几天后,黄埔战术教官顾祝同亲自签发了悬赏缉拿项英、袁国平校友的电令。电文如下:据报,项英、袁国平率队百余,在章家渡被我堵击后,窜至溪口街换便衣潜逃。查项英系湖北人,袁国平系湖南人……立即发动全县乡、保、甲按户清查,毋使漏网。如能将项英、袁国平交出者,各赏5000元;如隐匿不报,一经查实,定予严惩不贷。

政治部主任袁国平在部队遭到敌军的强大攻击下临危不惧,向部队动员:“皖南的新四军就像池塘里的龙,无用武之地,出去就活了。
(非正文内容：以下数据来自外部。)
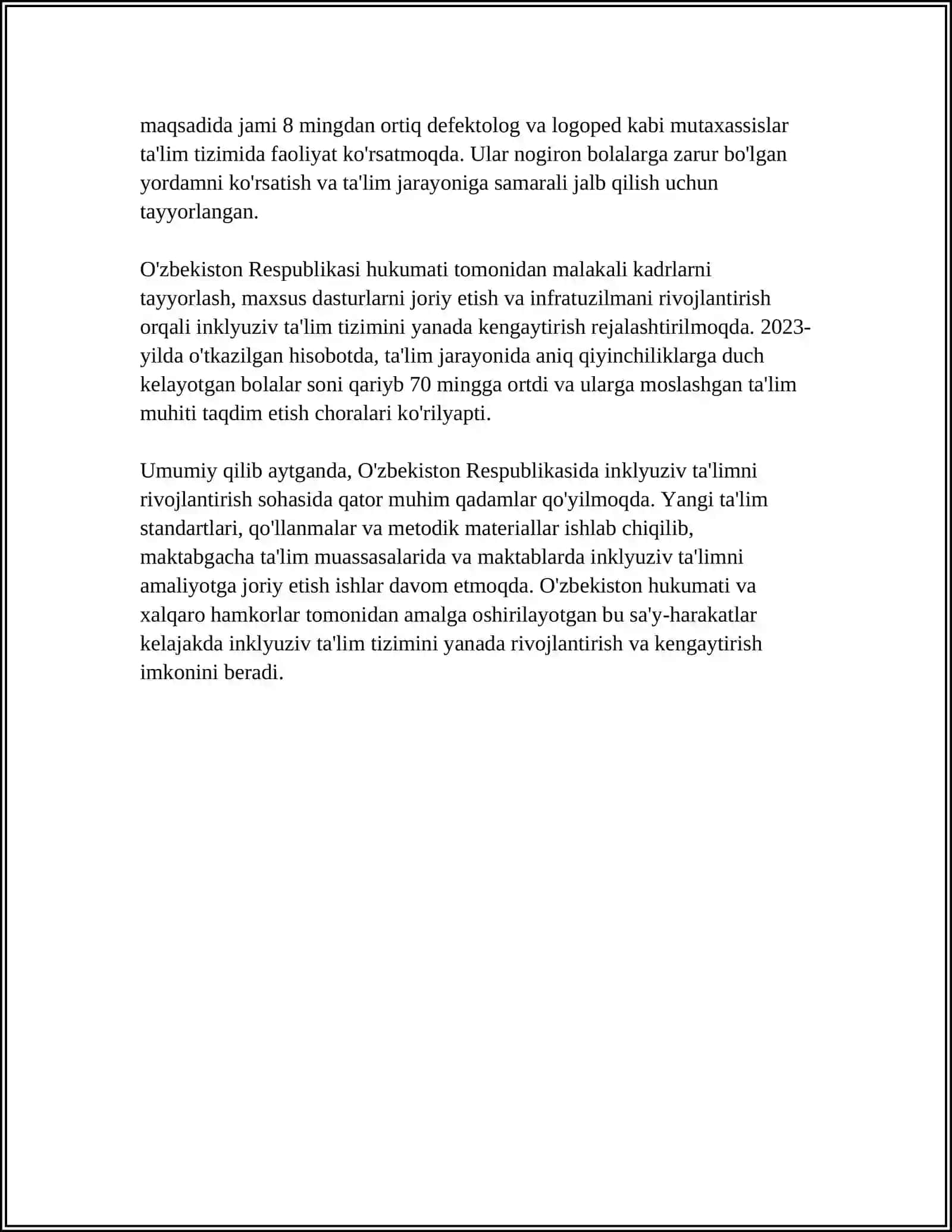O'ZBEKISTON RESPUBLIKASIDA INKLYUZIV TA'LIMNI QO'LLAB-QUVVATLASHNING HUQUQIY ASOSLARI 4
我们一定要冲出去。最后胜利一定属于我们。因为我们是中国共产党领导的铁的新四军!如果有一百发子弹,要用九十九发射向敌人,一发留给自己,决不做俘虏!”袁国平是这样说的,也是这样做的。他率领部队奋起自卫,多次打退潮水般涌来的敌军。突围中,袁国平带领一小支部队从重围中杀开一条血路冲了出来。此时,袁国平已身中四弹,伤势严重,昏倒在地。在章家渡过河后,为了不连累同志们,他摸出别在腰间的勃朗宁手枪,对准自己的头部扣动了扳机。最终袁国平实现了“一发留给自己,决不做俘虏”的誓言。他牺牲时年仅35岁。

项英离队后,一直隐藏于赤坑山的蜜蜂洞中,等待北渡的时机。但他做梦也没想到自己戎马半生,最后竟死在了随从卫士刘忠厚的枪下。刘忠厚见财起意,为夺得项英、周子昆等带着的军费银元,竟然开枪打死熟睡的几名领导,投奔了敌人。

新中国成立后,鉴于袁国平、周子昆等人对中国革命的贡献。解放军总政治部指示南京军区多方查找,终于寻找到他们的尸骸,并于1955年6月日移葬南京雨花台烈士陵园,供后人瞻仰。

皖南事变,以国民党黄埔的胜利而告终。但是,这种“胜利”代价太大。从此,八路军、新四军广大指战员再没有谁相信蒋介石。此后的胜负,只能在战场上见了。